How Soda works
Last modified on 20-Nov-24
Soda Library is Python library and CLI tool that enables Data Engineers to test data for quality where and when they need to. The Soda Agent is a self-hosted or Soda-hosted containerized Soda Library deployed in a Kubernetes cluster, so the behavior described below for Soda Library is more or less the same for Soda Agent.
Soda Library utilizes user-defined input to prepare SQL queries that run checks on datasets in a data source to find invalid, missing, or unexpected data. When checks fail, they surface the data that you defined as “bad” in the check. Armed with this information, you and your data engineering team can diagnose where the “bad” data entered your data pipeline and take steps to prioritize and resolve issues.

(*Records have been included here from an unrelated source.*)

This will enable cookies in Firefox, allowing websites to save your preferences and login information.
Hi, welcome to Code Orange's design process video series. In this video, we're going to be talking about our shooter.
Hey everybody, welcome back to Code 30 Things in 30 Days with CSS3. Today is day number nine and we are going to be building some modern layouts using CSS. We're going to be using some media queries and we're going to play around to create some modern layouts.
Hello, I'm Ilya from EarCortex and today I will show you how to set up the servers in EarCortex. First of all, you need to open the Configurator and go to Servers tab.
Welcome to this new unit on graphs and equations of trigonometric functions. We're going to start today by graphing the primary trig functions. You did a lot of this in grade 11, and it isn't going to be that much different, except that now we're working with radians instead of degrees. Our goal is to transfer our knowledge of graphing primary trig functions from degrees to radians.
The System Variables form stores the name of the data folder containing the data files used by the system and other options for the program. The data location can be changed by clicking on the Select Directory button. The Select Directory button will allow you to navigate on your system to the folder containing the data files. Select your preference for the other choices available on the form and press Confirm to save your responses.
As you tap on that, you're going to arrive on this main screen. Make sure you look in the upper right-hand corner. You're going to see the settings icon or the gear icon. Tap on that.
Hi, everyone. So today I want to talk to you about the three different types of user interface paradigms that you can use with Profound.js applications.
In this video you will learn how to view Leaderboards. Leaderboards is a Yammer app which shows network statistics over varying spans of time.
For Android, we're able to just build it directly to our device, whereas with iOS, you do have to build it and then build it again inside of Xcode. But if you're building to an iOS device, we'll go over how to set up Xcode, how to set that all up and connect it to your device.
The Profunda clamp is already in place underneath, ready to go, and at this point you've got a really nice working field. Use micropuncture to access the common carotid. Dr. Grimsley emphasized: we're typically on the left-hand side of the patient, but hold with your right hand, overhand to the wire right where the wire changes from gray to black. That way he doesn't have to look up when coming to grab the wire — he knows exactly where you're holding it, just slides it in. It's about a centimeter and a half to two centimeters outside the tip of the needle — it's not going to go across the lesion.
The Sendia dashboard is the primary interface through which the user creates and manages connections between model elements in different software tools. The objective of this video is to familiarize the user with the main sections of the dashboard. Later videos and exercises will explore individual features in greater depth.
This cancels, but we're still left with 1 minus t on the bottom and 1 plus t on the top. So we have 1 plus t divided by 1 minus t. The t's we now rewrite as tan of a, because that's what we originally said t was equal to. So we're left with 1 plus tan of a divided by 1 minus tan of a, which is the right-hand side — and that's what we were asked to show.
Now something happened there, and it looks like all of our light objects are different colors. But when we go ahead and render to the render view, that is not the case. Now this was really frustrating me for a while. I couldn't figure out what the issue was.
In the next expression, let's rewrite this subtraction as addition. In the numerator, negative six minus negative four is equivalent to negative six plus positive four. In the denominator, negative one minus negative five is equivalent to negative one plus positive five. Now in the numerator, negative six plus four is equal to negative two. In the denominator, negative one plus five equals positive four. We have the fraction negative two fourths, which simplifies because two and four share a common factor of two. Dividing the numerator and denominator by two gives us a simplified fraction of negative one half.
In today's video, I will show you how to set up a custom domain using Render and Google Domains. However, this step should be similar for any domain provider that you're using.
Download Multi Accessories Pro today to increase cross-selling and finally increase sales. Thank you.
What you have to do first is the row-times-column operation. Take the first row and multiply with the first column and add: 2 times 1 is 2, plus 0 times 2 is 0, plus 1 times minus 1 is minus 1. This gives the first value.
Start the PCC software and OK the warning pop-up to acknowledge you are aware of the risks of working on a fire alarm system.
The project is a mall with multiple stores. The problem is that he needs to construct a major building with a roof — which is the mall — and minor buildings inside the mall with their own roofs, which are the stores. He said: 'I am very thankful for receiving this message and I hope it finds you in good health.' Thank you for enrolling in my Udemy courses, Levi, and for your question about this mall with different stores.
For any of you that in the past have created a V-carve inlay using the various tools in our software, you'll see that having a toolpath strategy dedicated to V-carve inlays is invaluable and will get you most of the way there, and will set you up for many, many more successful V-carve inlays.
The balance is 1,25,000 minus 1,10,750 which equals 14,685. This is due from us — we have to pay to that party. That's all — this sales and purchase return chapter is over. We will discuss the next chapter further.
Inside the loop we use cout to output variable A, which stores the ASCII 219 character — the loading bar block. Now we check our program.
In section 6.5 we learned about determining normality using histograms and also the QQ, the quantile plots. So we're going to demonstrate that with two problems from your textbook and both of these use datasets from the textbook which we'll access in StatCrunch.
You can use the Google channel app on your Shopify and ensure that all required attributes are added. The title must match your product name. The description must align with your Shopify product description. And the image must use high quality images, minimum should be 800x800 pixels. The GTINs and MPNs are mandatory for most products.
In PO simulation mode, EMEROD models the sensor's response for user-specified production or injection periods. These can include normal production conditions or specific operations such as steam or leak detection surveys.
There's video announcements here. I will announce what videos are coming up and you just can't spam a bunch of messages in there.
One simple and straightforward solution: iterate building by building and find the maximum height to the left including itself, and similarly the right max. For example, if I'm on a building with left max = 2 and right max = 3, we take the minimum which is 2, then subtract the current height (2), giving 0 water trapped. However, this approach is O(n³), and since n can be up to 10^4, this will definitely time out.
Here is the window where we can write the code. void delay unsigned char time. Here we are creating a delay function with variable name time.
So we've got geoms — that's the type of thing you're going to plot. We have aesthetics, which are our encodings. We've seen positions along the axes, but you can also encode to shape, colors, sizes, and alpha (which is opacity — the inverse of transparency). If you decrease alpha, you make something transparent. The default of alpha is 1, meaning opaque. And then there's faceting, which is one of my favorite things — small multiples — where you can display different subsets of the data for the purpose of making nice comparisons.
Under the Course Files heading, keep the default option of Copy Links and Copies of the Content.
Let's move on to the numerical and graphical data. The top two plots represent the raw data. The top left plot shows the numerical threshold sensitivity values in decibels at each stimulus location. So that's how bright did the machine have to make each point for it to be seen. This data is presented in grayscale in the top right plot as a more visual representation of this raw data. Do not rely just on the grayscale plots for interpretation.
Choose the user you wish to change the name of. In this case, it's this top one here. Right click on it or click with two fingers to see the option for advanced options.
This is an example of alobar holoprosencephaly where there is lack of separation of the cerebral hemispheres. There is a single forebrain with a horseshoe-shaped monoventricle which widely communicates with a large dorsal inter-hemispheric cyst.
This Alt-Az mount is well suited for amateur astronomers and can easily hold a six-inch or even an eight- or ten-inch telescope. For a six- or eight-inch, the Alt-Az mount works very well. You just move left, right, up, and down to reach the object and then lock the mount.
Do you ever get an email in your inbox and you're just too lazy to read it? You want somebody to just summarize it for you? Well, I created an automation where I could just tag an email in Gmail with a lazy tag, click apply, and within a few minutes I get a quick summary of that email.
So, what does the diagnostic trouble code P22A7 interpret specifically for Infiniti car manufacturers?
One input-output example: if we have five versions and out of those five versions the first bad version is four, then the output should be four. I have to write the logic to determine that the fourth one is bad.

Use Soda Library to manually or programmatically scan the data that your organization uses to make decisions. Optionally, you can integrate Soda Library with your data orchestration tool, such as Airflow, to schedule scans and automate actions based on scan results. Connect Soda Library to a Soda Cloud account where you and your team can use the web application to monitor check results and collaborate to keep your data issue-free.
Soda Library basics
Soda Library operation
Soda Library automation and integrations
Go further
Soda Library basics
This tool checks the quality of data inside data sources. It enables you to perform four basic tasks:
- connect to your data source
- connect to a Soda Cloud account
- define checks to surface bad-quality data
- run a scan for data quality against your data
To connect to a data source such as Snowflake, Amazon Athena, or GCP BigQuery, you use a configuration.yml
file which stores access details for your data source and connection details for your Soda Cloud account. (Except for connections to Spark DataFrames which do not use a configuration YAML file.) Refer to Configure Soda for details and links to data source-specific connection configurations.
Configuration YAML example
data_source adventureworks:
type: postgres
host: localhost
port: '5432'
username: postgres
password: secret
database: postgres
schema: public
soda_cloud:
host: cloud.soda.io
api_key_id: 2e0ba0cb-**7b
api_key_secret: 5wdx**aGuRg
To define the data quality checks that Soda Library runs against a dataset, you use a checks.yml
file. A Soda Check is a test that Soda Library performs when it scans a dataset in your data source. The checks YAML file stores the Soda Checks you write using SodaCL.
For example, you can define checks that look for things like missing or forbidden columns in a dataset, or rows that contain data in an invalid format. See Metrics and checks for more details.
Checks YAML example
# Check for absent or forbidden columns in dataset
checks for dataset_name:
- schema:
warn:
when required column missing: [column_name]
fail:
when forbidden column present: [column_name, column_name2]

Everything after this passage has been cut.